The main difference is how we access files in a file system, and how we access objects in an object storage. In a file system we read files, but in an object storage we use HTTP GET method to get an object. In a file system we write files, but in an object storage we use HTTP PUT (or POST)method to write an object. This is the basic difference while accessing an object from an object storage, however there are other main differences.

In a regular file system as we discussed earlier, we store files in an organized hierarchical folder structure. While in an object storage we store objects in a single flat name space for faster retrieval (please don't forget the fact that most of the object store provides a folder like feel, which allows you to create folders inside your container, but files in all folders inside a container is in a single flat name space.)

Object Storage Flat Name Space and virtual View to user

From a data point of view, there is no much difference between an object and a file. The main advantage is the overcoming of the limit imposed by file system to store large amounts of data. So if i have a file in my file system, uploading that file to an object storage like s3 will make it an object with a unique identifier to later retrieve that object faster. While i was reading about object storage, most of them compared it with a parking ticket analogy.

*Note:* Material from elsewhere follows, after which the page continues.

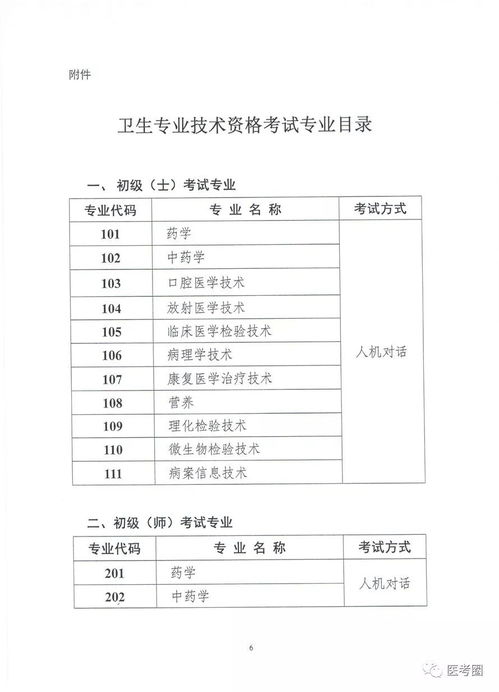 掌握休假申请表的填写技巧，让假期安排更顺畅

When you park your car in a parking plot, the person over there will park your car and give back a ticket. While you are away, your car will can be displaced to another location, to accommodate other cars, but the person responsible for it will return your car to you, when you handover the parking ticket back to him.

Similar to the parking ticket analogy, we use Global Unique identifiers to uniquely identify an object in an object storage. This global unique identifiers can be a hash value of your data(the hash changes as the data changes). But we as humans, cannot remember those hash values to retrieve the object at a later point of time. Hence most of the public cloud object storage solutions gives the user the ability to define his own unique identifier, while storing an object. This is most of them times the object name itself(the underlying object storage can maintain a database which maps the user defined object name to the hash value of the object to retrieve the object uniquely)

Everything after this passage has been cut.